Quelques jours après, le temps étant redevenu
très mauvais, je reçus une seconde visite du
prétendu garde de la douane, qui s'endormit
profondément dans ma cabane. Je vis que mon
domestique, vieux militaire, qui avait entendu le
récit des faits et gestes de cet homme,
s'apprêtait à le tuer. Je sautai à bas de
mon lit de camp, et prenant mon domestique à la gorge
: «Etes-vous fou ? lui dis-je ; est-ce que nous sommes
chargés de faire la police dans le pays ? Ne
voyez-vous pas d'ailleurs que ce serait nous exposer au
ressentiment de tous ceux qui obéissent aux ordres de
ce chef redouté ? Et nous nous mettrions dans
l'impossibilité de terminer nos
opérations.»
Le matin, au lever du soleil, j'eus avec mon hôte une
conversation que je vais essayer de reproduire
fidèlement :
«Votre situation m'est parfaitement connue ; je sais
que vous n'êtes pas un garde de la douane ; j'ai appris
de science certaine que vous êtes le chef des voleurs
de la contrée.
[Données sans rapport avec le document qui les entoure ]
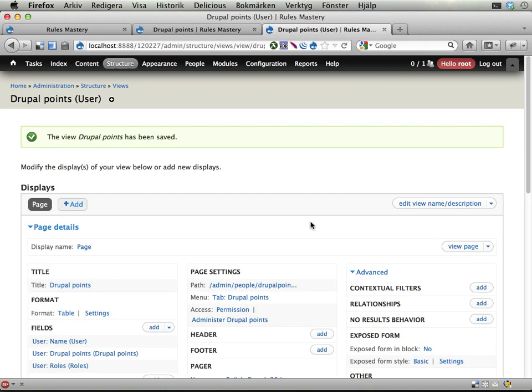I'm gonna break this screencast here so you can follow this one step at a time and rebuild this view if you want to. Then I'm gonna add the views bulk operations things. See you, bye.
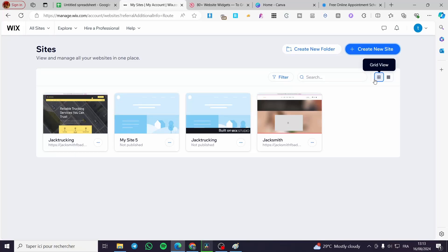How to add custom CSS in a Wix website. Hello guys and welcome to this new tutorial. Today I'm going to show you how simple it is to add a CSS code into your Wix website. It is very easy and simple — all you need to do is follow the tutorial from the beginning to the end and you will be good to go.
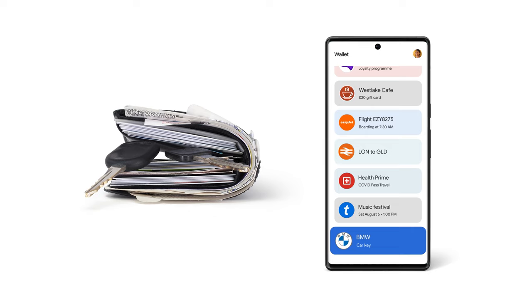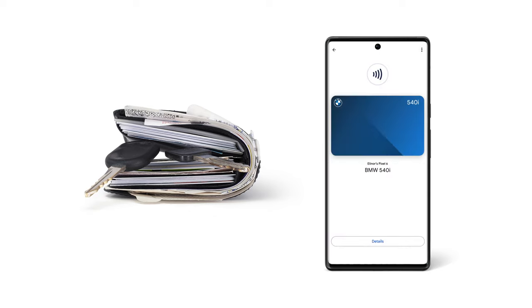Might hurt to sit down, but... Oh, look at that. Google Wallet lets you virtually access your car keys.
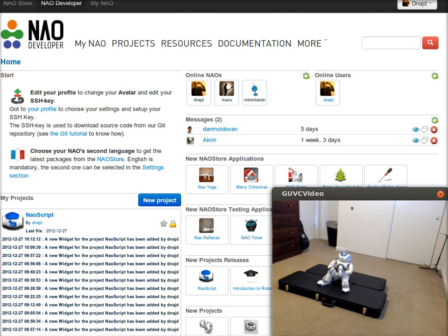Hello, my name is Don and I'm going to give a quick demo of an application I wrote for the NAO. It installs from the NAO store and puts a widget on your My NAO page.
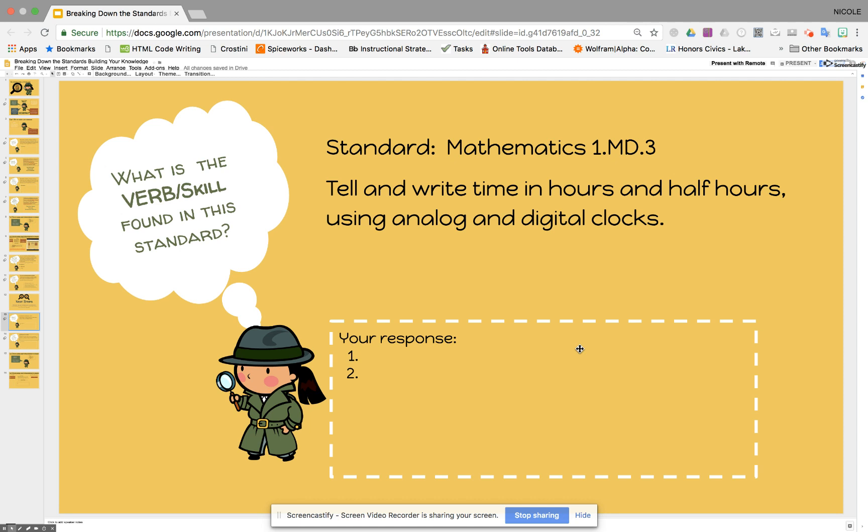Hello, everyone. We are going to walk through how to deconstruct a standard and then create learning targets from that standard before we actually require you to do so with us.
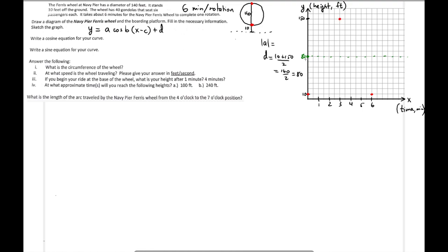Now the amplitude is the distance from the midline to the top, or from the midline to the bottom. You can easily find the distance from the midline to the bottom: 80 − 10 = 70. So the absolute value of the amplitude is 70.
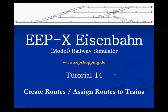Welcome to tutorial number 14 of the EEP10 model railway simulator. In this video we are going to have a look at how we can create routes and assign routes to a train in order to send it to a certain location that we defined.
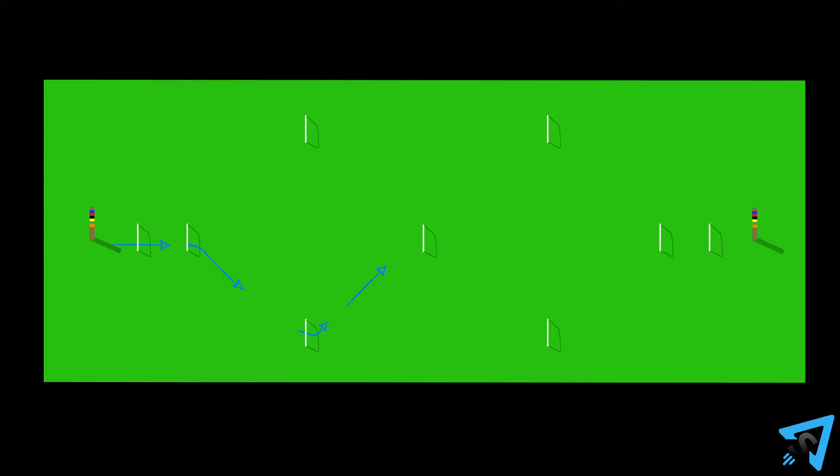Begin at the first wicket and travel through the first 7 wickets, hitting the returning stake, then traveling through the next 7 wickets and ending at the finishing stake.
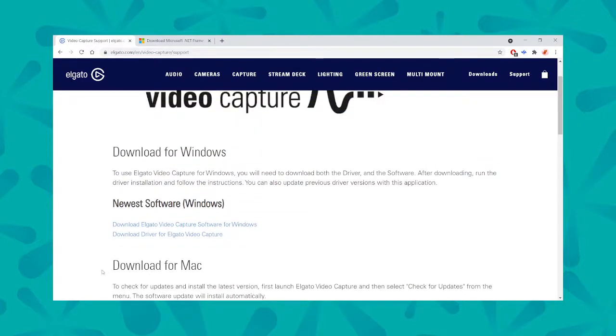Now for Windows, I would recommend also downloading the driver for Elgato video capture. It just helps your device and the Elgato communicate seamlessly.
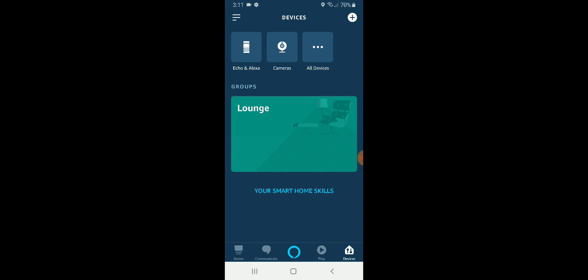While we've got our Echo Show in view here, we could say, Alexa, show me the front door and it would pop up and allow you to view that live stream from Nest Hello.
Dites-moi si j'ai quelque chose
à redouter de vos affidés ? - L'idée de
vous voler nous est venue ; mais nous avons songé que
tout votre argent était dans les villes voisines ; que
vous ne portiez pas de fonds sur le sommet des montagnes,
où vous ne sauriez qu'en faire, et que notre
expédition contre vous n'aurait aucun résultat
fructueux. Nous n'avons pas d'ailleurs la prétention
d'être aussi forts que le roi d'Espagne. Les troupes du
roi nous laissent assez tranquillement exercer notre
industrie mais le jour où nous aurions molesté
un envoyé de l'empereur des Français, on
dirigerait contre nous plusieurs régiments, et nous
aurions bientôt succombé. Permettez-moi
d'ajouter que la reconnaissance que je vous dois est votre
plus sûre garantie.
- Eh bien, je veux avoir confiance dans vos paroles ; je
réglerai ma conduite sur votre réponse.
Dites-moi si je puis voyager la nuit ? Il m'est
pénible de me transporter, le jour, d'une station
à l'autre, sous l'action brûlante du soleil !...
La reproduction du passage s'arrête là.